Do observation outcomes vary by the type of 
observer (such as principal, peer, instructional coach 
or external observer)? 


Reform Support Network 


Build School Leader Capacity 


Integrate human capital management into 
principal evaluation. 


New evaluation systems and other reforms have 
permanently changed the role of the principal. Their 

shift from building managers to instructional leaders 
requires a new skill set for principals, including accurately 
assessing observed teacher performance, using data to 
talk about instruction with teachers and deciding how 

to deploy professional development resources. Principal 
evaluations need to reflect this shift in priority. The ability 
to rate teachers accurately — and to make human capital 
decisions based on this data — should be significant 
components of evaluations for school leaders.

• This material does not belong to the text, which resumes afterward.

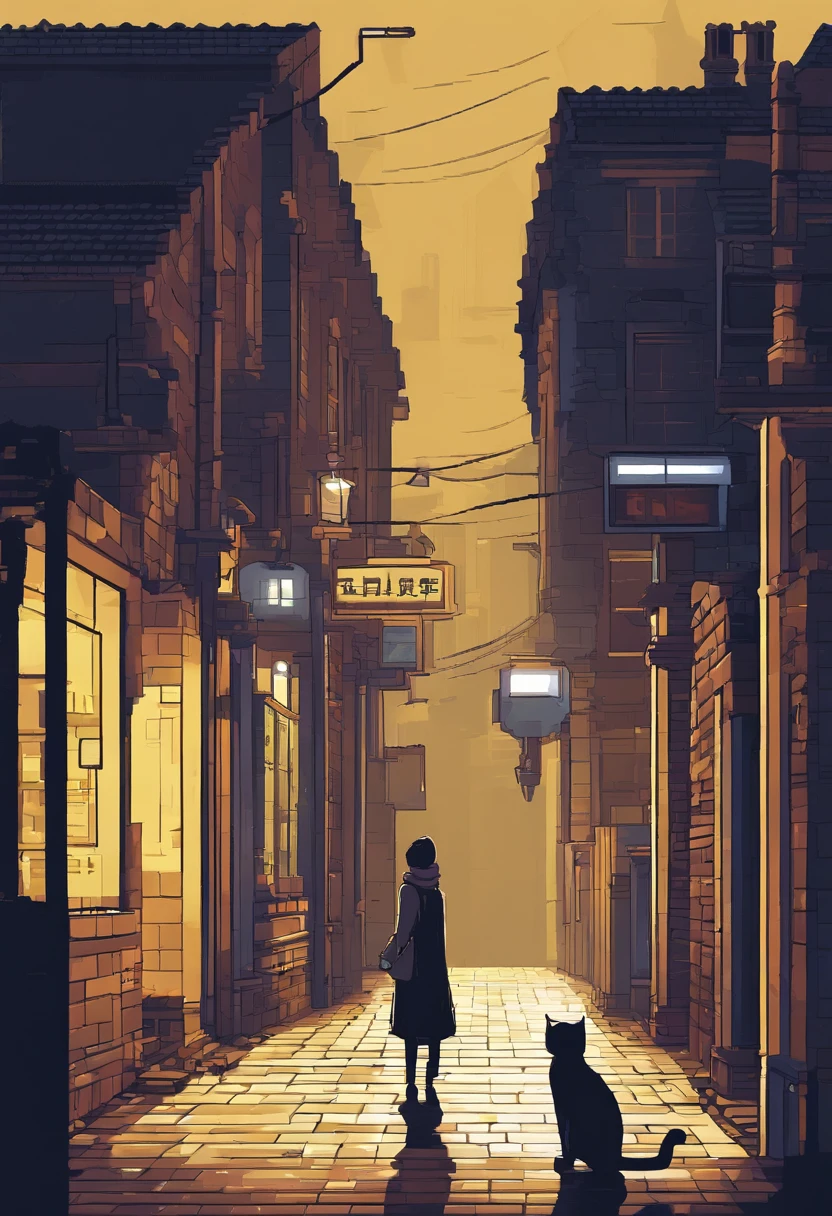 Create a scene, in a dark street inspired by the streets of London, lit only by the yellow light of a distant streetlight. the street tiles are wet and fog hangs in the air. The street is deserted, only two young people stand out in the landscape. A girl wearing white warm clothes and black hair and a boy wearing black warm clothes and blond hair. A cat walking along the wall of one of the houses. (the scene needs to have a noir atmosphere)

This sends 
a message to principals that accurately measuring teacher 
effectiveness is urgent and important. 


Retrain evaluators who aren't accurately 
assessing teacher performance through 
observations. 


States or school districts should create mechanisms or 
routines to identify evaluators who are not accurately 
evaluating teacher performance through observation 
ratings and retrain them, ideally prior to conducting 
high-stakes observations. Norming exercises should be a 
standard component of evaluator training, and evaluators 
whose observation scores do not accurately calibrate to 
the master rating should receive more training before 
they may observe teachers for evaluative purposes. 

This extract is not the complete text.